An excerpt from the executive summary:
Agriculture is beginning to play an important role in reducing greenhouse gas (GHG) emissions, and in doing so is generating new sources of income for producers. However, U.S. agriculture faces its own challenges in today’s economy. Among the challenges facing agricultural producers are profitability, high energy costs, soil erosion and soil quality, water quality, and water use efficiency. It is possible for agricultural producers to earn money as they reduce emissions of greenhouse gases and sequester carbon from the atmosphere; however, the most effective policy to allow U.S. farmers to provide maximum GHG mitigation and earn the greatest value is through a mandatory nationwide cap on greenhouse gas emissions. A mandatory nationwide cap creates a larger and more profitable market for agricultural carbon credits by creating demand and value for emission reductions. The U.S. policy should be designed to ensure that soil and crop management systems that can mitigate greenhouse gas emissions simultaneously enhance agricultural sustainability and increase profits.

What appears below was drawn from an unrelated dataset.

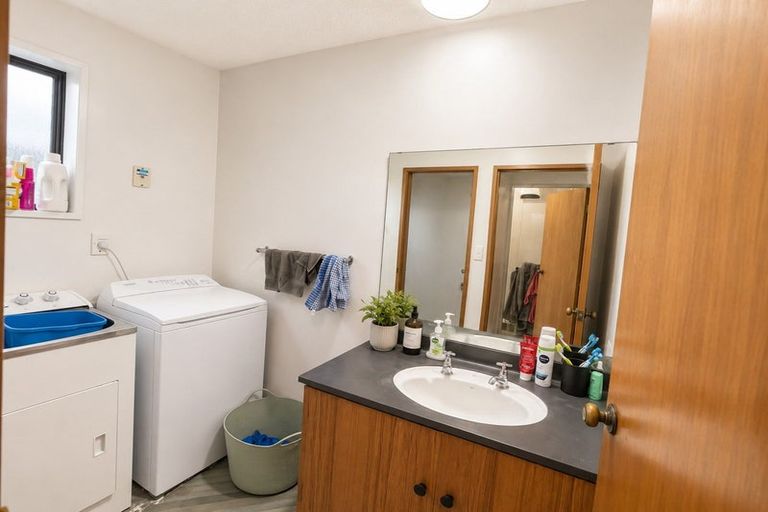 Photo of property in 1/23 Newnham Terrace, Upper Riccarton, Christchurch, 8041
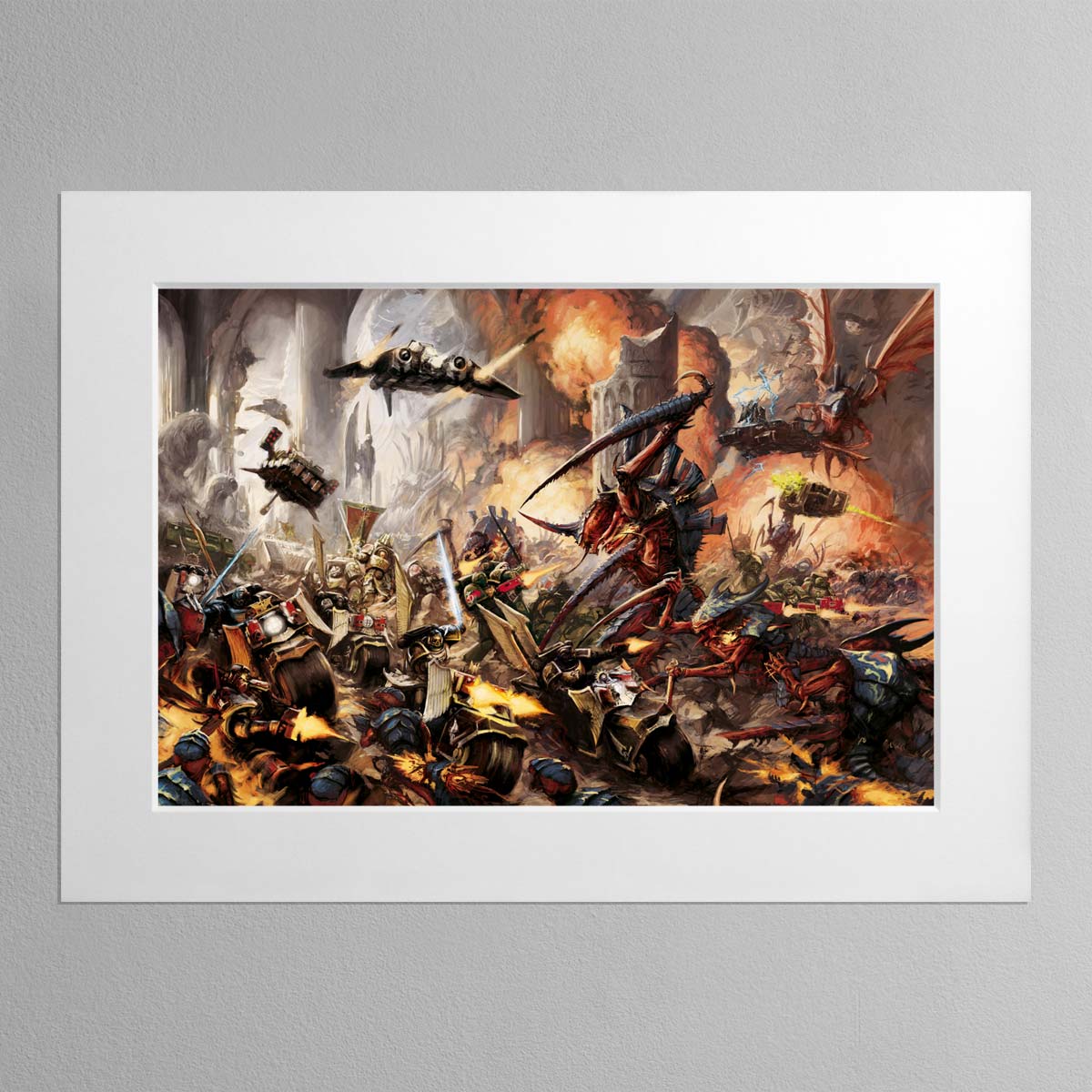 Behemoth - Image 4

Policies have recently been enacted that are proving beneficial to agricultural producers by increasing the demand for ethanol and other renewable fuels. Enactment of the Renewable Fuels Standard in the 2005 Energy Policy Act has boosted the demand for renewable fuels from biomass, such as ethanol from corn and other agricultural crops. In much the same way that these policies or incentives can help drive production of renewable fuels, and thus the demand for agricultural crops, a national policy or regulation that establishes a mandatory limit on greenhouse gas emissions can further drive demand for agricultural products. A nationwide cap on U.S. GHG emissions will provide certainty and predictability to businesses, including agriculture, of the value of carbon well into the future. This market certainty will encourage investments by producers in biofuel feedstocks, methane digesters, and no-till equipment, since such practices will be rewarded by the new carbon credit market.

Markets for soil carbon credits are in the very early stages of development in the U.S., hampered mostly by the lack of a market signal or a mandatory nationwide cap on GHG emissions. In the absence of such a signal, various instruments for reducing GHG emissions have emerged, including voluntary markets, regional and state mandatory reduction programs, and voluntary, private agreements between buyers and sellers of carbon reduction credits. The uncertainty regarding future federal legislative approaches to deal with the problem of climate change has created multiple and diverse approaches. The patchwork of approaches has many businesses worried about the need to comply with varied regulations in different states or regions, and about whether emissions reduction activities undertaken now will be recognized or rewarded in future federal policies. A nationwide mandatory cap should build on the successes of these efforts, and help establish a single, consistent approach to reducing greenhouse gas emissions.

Specific policies to reward agriculture for emissions reductions must be included in any federal legislation or regulations to address global climate change. The European Union, in setting up its rules for crediting emissions reductions activities under its mandatory climate change program, excluded agricultural and forestry emissions reductions from receiving credit. The U.S. should not repeat this mistake, and should instead award top value for agriculture’s highly-beneficial “charismatic carbon credits.”